A high number of experiments
One of the world’s premier climate models, the CCSM is the product of years of cooperation among scientists at NCAR, Department of Energy labs, and U.S. universities, as well as numerous universities and labs in other nations. It incorporates the interactions of the atmosphere, oceans, sea ice, and land cover. By taking into account factors ranging from clouds to atmospheric chemistry to the impacts of snow cover and vegetation, it provides a comprehensive picture of the climate system and how it is changing.
NCAR and CRIEPI scientists, using NCAR supercomputers, the Earth Simulator, and machines at several Department of Energy centers, have been able to conduct an unusually high number of climate experiments over the past several years. The experiments will be used for the much-anticipated 2007 Intergovernmental Panel on Climate Change (IPCC) assessment, which will provide an update on the expected climatic impacts of increasing amounts of greenhouse gases in the atmosphere. (For more on NCAR and IPCC, see Global Research.)
Each experiment begins with different initial conditions (an El Niño situation of warm surface waters in certain parts of the Pacific Ocean, for example). By running a large ensemble of experiments that each start with different conditions, scientists can obtain a more statistically robust picture of climate change.
The experiments also are more far reaching. Because of limited supercomputer resources, most of NCAR’s experiments have simulated climate change only until 2100, when atmospheric levels of carbon dioxide may be more than twice as high as in the preindustrial age. Now, however, scientists can simulate climate as far into the future as 2450. This will enable them to investigate longer-term changes, such as the sea level rise that plays out over several centuries or the effect on global climate if carbon dioxide levels start to decline after 2100.
Eddies and mountains
The next step in the collaboration will be the creation of a higher-resolution version of the CCSM, which will enable experiments with far more fine-scale detail. Early progress on the ocean component of the CCSM is already permitting scientists to simulate and study eddies in the ocean that, while just a few tens of kilometers across, transport energy and properties such as salinity in ways that profoundly affect climate.
By using more computer power, the CCSM can produce especially detailed simulations. The image on the left estimates the broad-scale movement of water around South Africa’s Cape of Good Hope. The image on the right, produced by the Earth Simulator, captures much more detail and indicates how heat and salt can move in isolated structures known as Agulhas rings.
As the resolution of the CCSM’s land component is increased, it will be possible to incorporate more detailed information about topographic features such as mountain ranges and valleys to gain insights into regional climate. Instead of rounding off the height of Washington’s Olympic mountains to about 5,000 feet (1,500 meters) for example, the model run on the Earth Simulator can more closely incorporate the height of the mountain range, which reaches nearly 8,000 feet (2,400 meters). This will enable researchers to more correctly capture the amount of precipitation that falls as snow as opposed to rain—thereby allowing them to estimate spring and summer water supply from melting snow. And increased resolution in the model’s atmosphere component holds the promise of more information about tropical storms.
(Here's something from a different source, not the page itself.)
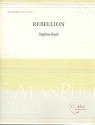 Rebellion for trombone, piano and percussion score and parts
The result will be an unprecedented picture of Earth’s changing climate. As Bryan says, “We will be able to capture regional impacts of climate change that were previously beyond our capabilities.”
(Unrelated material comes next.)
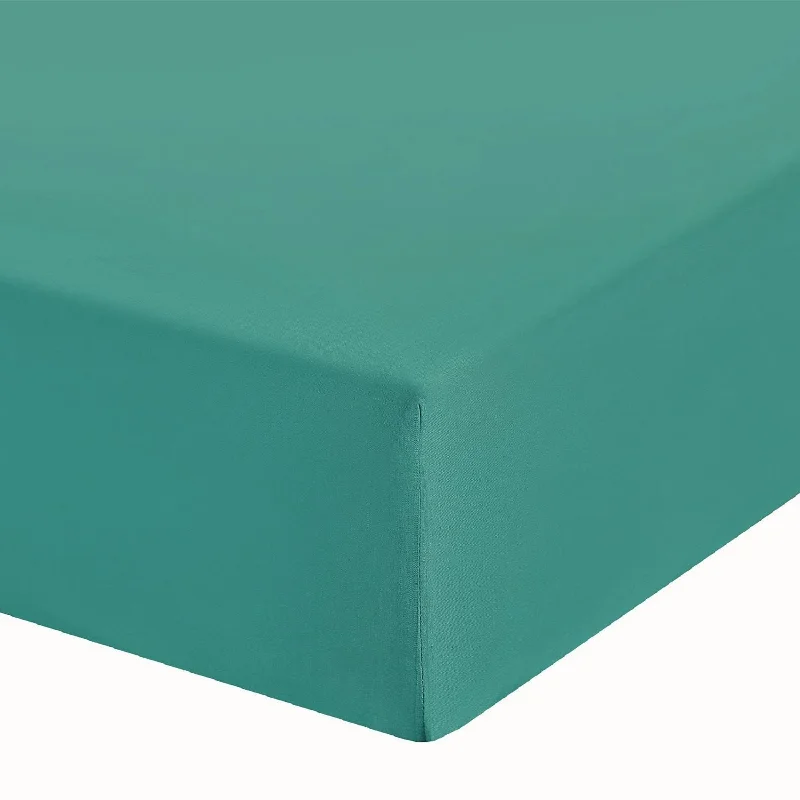 Polyester - Cotton Blend Sheets for Durability and ComfortTeal Double Bed Fitted Sheet 10" Deep Fully Elasticated Polyester - Cotton Blend Sheets for Durability and ComfortTeal Double Bed Fitted Sheet 10" Deep Fully Elasticated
Flying in and out of Taiwan can be challenging because the island’s mountains and the surrounding ocean often contribute to adverse weather conditions. To bolster air safety, the Taiwan Civil Aeronautics Administration selected NCAR in the late 1990s to create a new weather information and warning system for the island.
The resulting Advanced Operational Aviation Weather System (AOAWS) is helping to safeguard aircraft against weather threats such as tropical cyclones, major thunderstorms, in-flight icing, and turbulence. Pilots, controllers, forecasters, and other users can chart a flight route within Taiwan’s airspace, obtain hazardous weather information, and gather routine data and forecasts along that route.
Taiwan experts study NCAR's weather information and warning system.
“This is a true technology transfer success story,” says NCAR scientist William Mahoney, who helped oversee the project. “Taiwan now has state-of-the-art aviation weather technology that far surpasses international safety standards.”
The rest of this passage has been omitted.